Kenneth
Blickenstaff
Ken L. Blickenstaff has managed and conducted a broad range of healthcare investigations as well as providing fraud awareness and prevention methods to clients. Ken specializes in assisting providers with risk assessments as part of the overall development and implementation of corporate compliance programs. He has also done extensive work related to Corporate Integrity Agreements including annual compliance audits and mandatory training. He also assists payers and government program administrators develop fraud detection techniques as part of claims processing functions.
Ken jointly formed BlickenWolf LLC in 2003 after spending over five years at Deloitte & Touche and nearly two years at KPMG. Prior to that, he served nearly four years as the Director of a Medicaid Fraud Control Unit and former law enforcement officer assigned exclusively to healthcare fraud prosecution. In 1995 and 1996, he was the President of the National Association of Medicaid Fraud Control Units, a group of State based investigators and auditors whose mission is to combat, police, and prevent healthcare fraud and abuse. His anti-fraud efforts involved federal task force investigations in conjunction with the Federal Bureau of Investigation, the Office of Inspector General, Postal Inspectors, and various other federal, State, and local law enforcement agencies.
Before his extensive involvement in the healthcare arena, Ken dealt with the investigation of all types of felony white-collar crime. His work involved a large number of grand jury investigations performed in conjunction with the FBI, the Indiana State Police, and the Indiana State Board of Accounts.
Ken’s Enforcement Experience
- As the Indiana Medicaid Fraud Control Unit Director,
Ken was responsible for the coordination and oversight of statewide
investigations
involving Medicaid and other healthcare program fraud. This
activity involved the investigation of over 500 cases in a representative
two-year period and involved every conceivable category of
providers.
- In the 1995 and 1996 reporting periods for the Medicaid
Fraud Control Unit, Ken was responsible for the recovery of program
and investigative costs totaling over $6,000,000. Both were record
setting years in this category.
- While president of the National Association of Medicaid Fraud Control Units (NAMFCU), Ken was involved in many nationwide healthcare initiatives.

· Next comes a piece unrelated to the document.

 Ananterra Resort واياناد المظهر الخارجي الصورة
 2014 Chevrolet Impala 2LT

He played an integral role in numerous global settlements, coordinating both federal and State interests. He is familiar with high-ranking officials and operations at the Department of Justice, the Office of the Inspector General, the Health Care Finance Administration, and virtually every Medicaid Fraud Control Unit in the United States.
Business Experience
Ken’s business experience since leaving law enforcement includes:
- Engagement leader for various Corporate Integrity Agreements
including training, billing engagements, and compliance engagements.
- Performed
Voluntary Disclosure engagements for various types of providers.
- Performed
risk assessments and diagnostic reviews of various types of providers
in connection with investigations of
compliance issues associated with numerous federal and state healthcare
programs.
- Developed, implemented and monitored compliance
programs in a variety of healthcare settings, from stand-alone
facilities to multi-state systems.
- Provided compliance training for large
hospital systems and physician groups.
- Performed “shadow audits” and
internal investigations in response to government intervention activities
and compliance
program monitoring in a variety of healthcare provider settings.

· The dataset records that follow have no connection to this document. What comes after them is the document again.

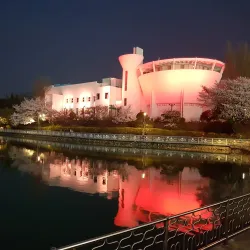 Yongji Park - Changwon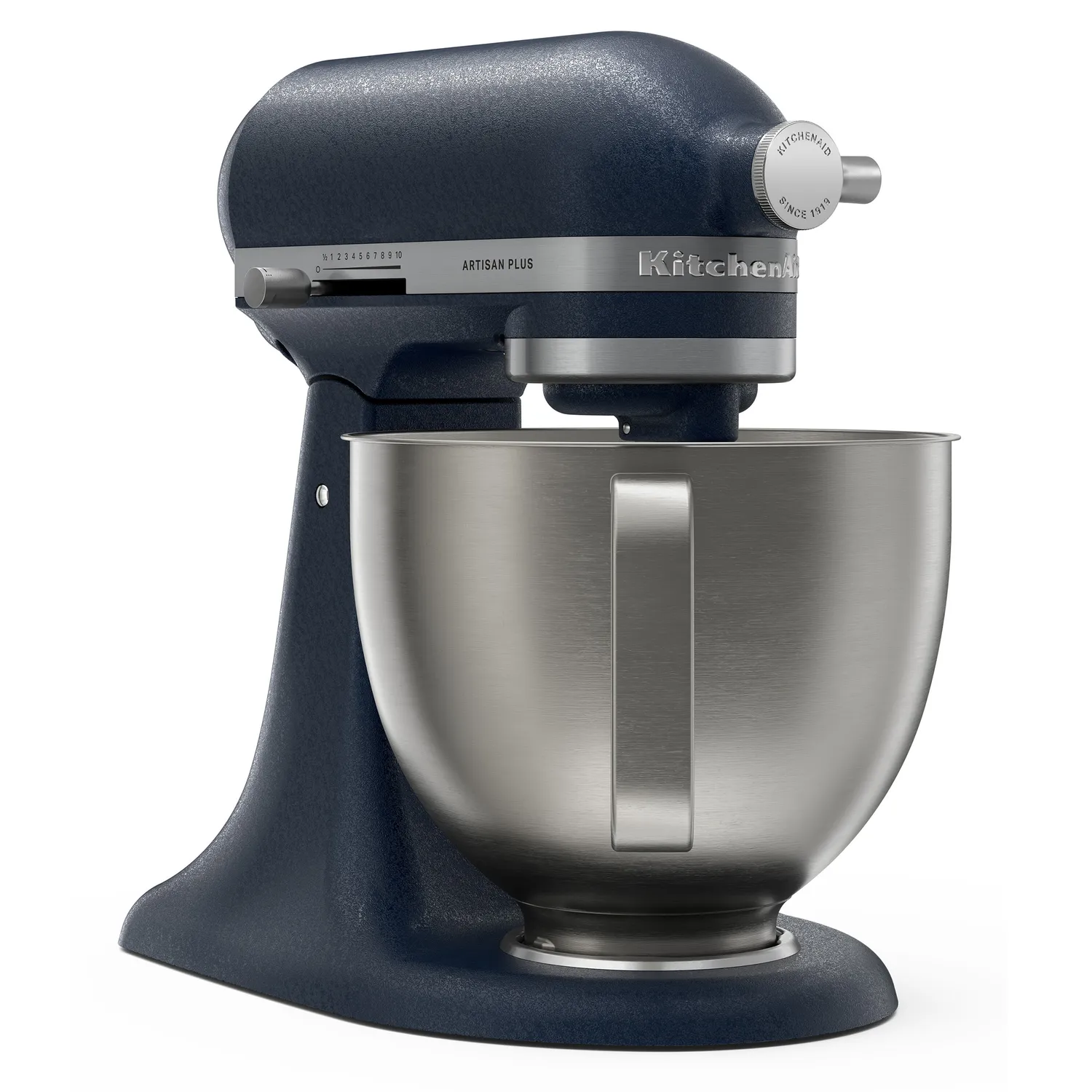 KitchenAid Artisan Plus 5-Quart Tilt-Head Stand Mixer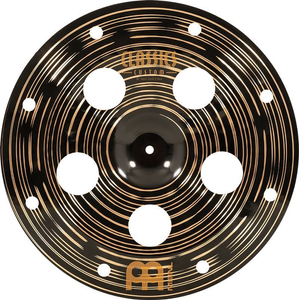 Meinl Classics Custom Dark Trash China 18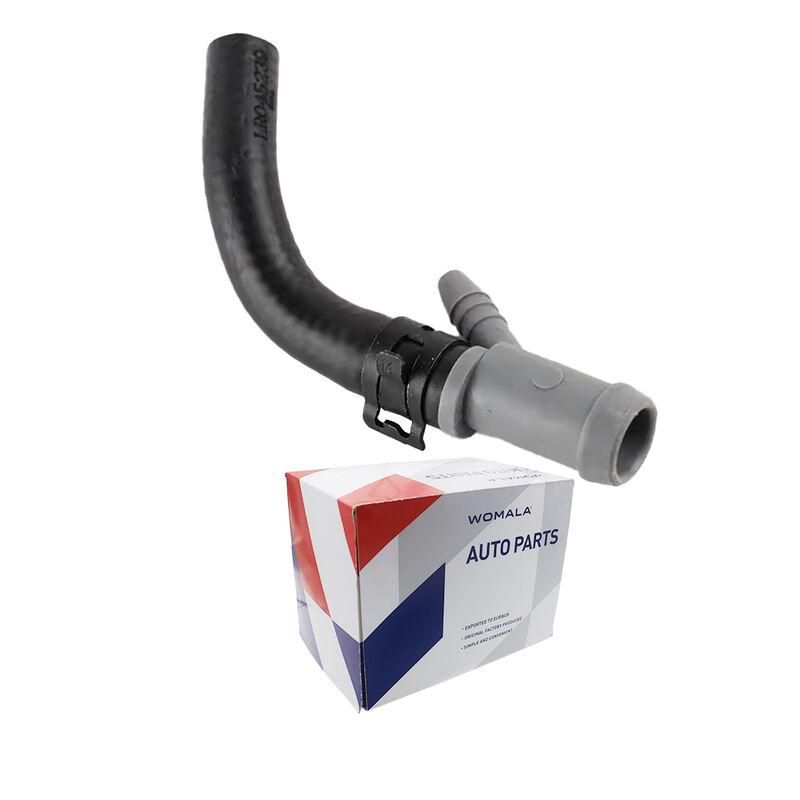 Womala OE LR045239 C2Z26930 랜드로버 & 재규어용 스프레드 보디 물 파이프 조립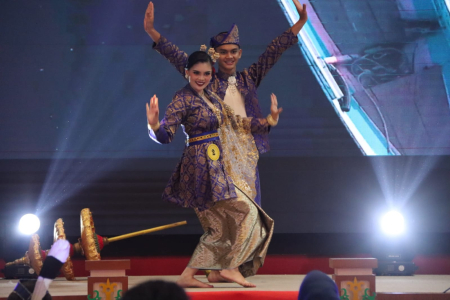 TARI PESISIR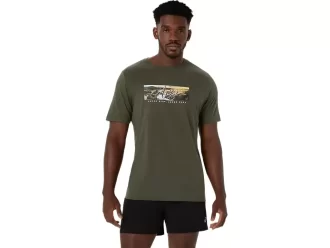 CAMISETA MASCULINA COUNTRY MOUNTAIN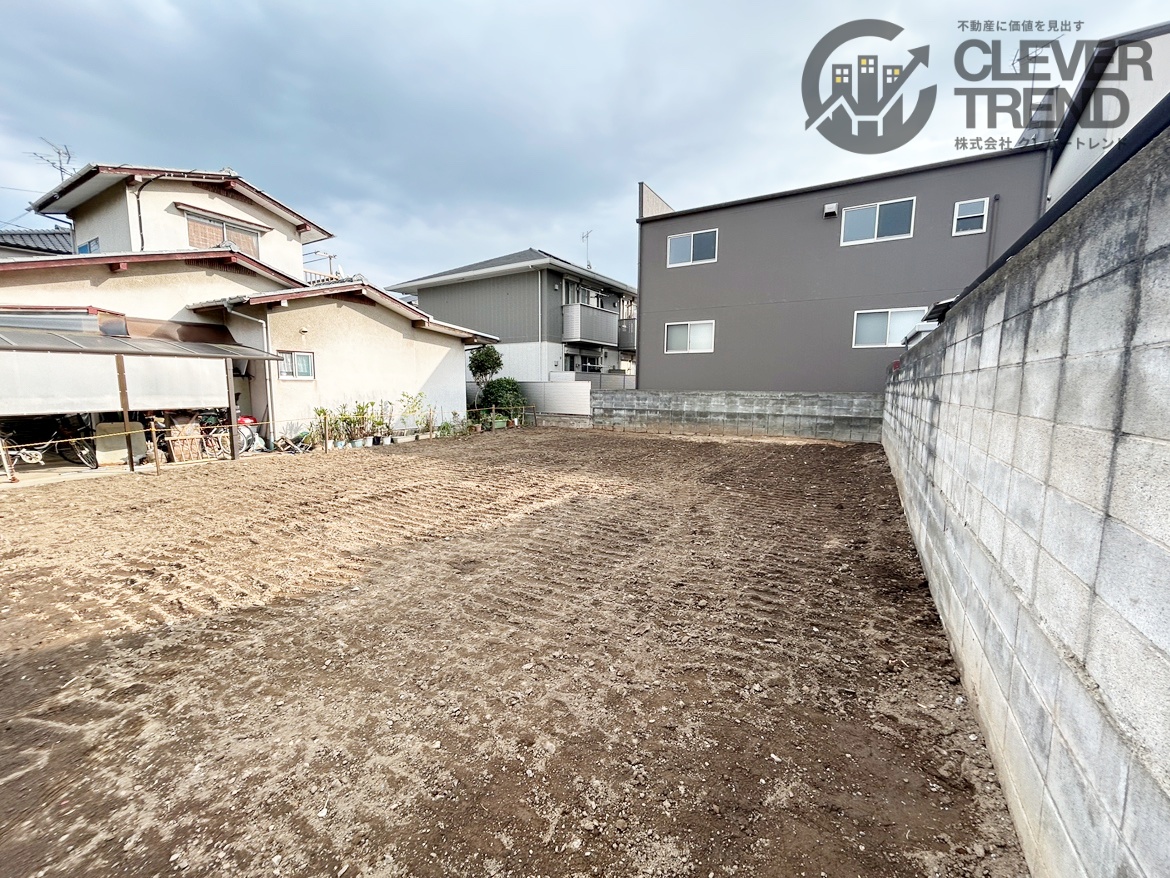 南区 田迎3丁目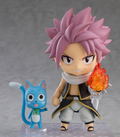 Nendoroid No. 1741 Fairy Tail Final Season: Natsu Dragneel [GSC Online Shop Limited Ver.] thumbnail 3
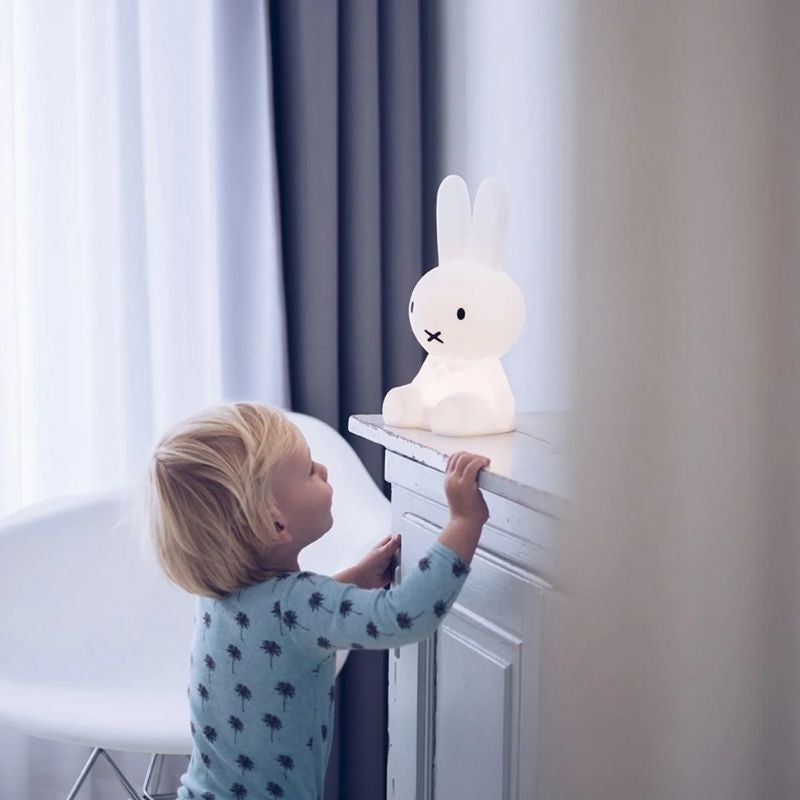 Veska | Maria Miffy First Light Bordslampa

- Performed assessments of hospital Medicare billing systems in connection
with issues regarding supervision of resident
services.
- Performed evaluations of physician group billing
practices associated with hospitals.
- Participated in settlement
negotiations with various United States Attorneys’ Offices, the Office
of Inspector General,
and certain Medicaid Fraud Control Units on behalf of providers.
- Assisted with the development of Fraud Prevention Plans and Special Investigation Units for healthcare payers.
Education and Training
- Ken received his Bachelor and Master of Arts degrees with
honors from Purdue University in West Lafayette, Indiana and his Juris
Doctorate degree with honors from Indiana University School
of Law in Indianapolis, Indiana.
- He has published healthcare fraud related
articles for Compliance Today, the American
Bar Association, the National Association of Attorneys General,
Journal of Health Care Compliance, Healthcare Business, Chicago Daily Law
Bulletin, Law Bulletin Information Network, and Checklist to Compliance.
- He has made topical healthcare presentations at meetings sponsored by the American Bar Association, Federal Bureau of Investigation, National Association of Medicaid Fraud Control Units, National Health Care Anti-Fraud Association, Health Care Compliance Association, Corporate Compliance Forum, Healthcare Financial Management Association (and various State chapters), Professional Liability Underwriters Society, International Business Communications, Indiana Health and Life Association, Illinois CPA Society, National Congress on Health Care, and various State Bar Associations.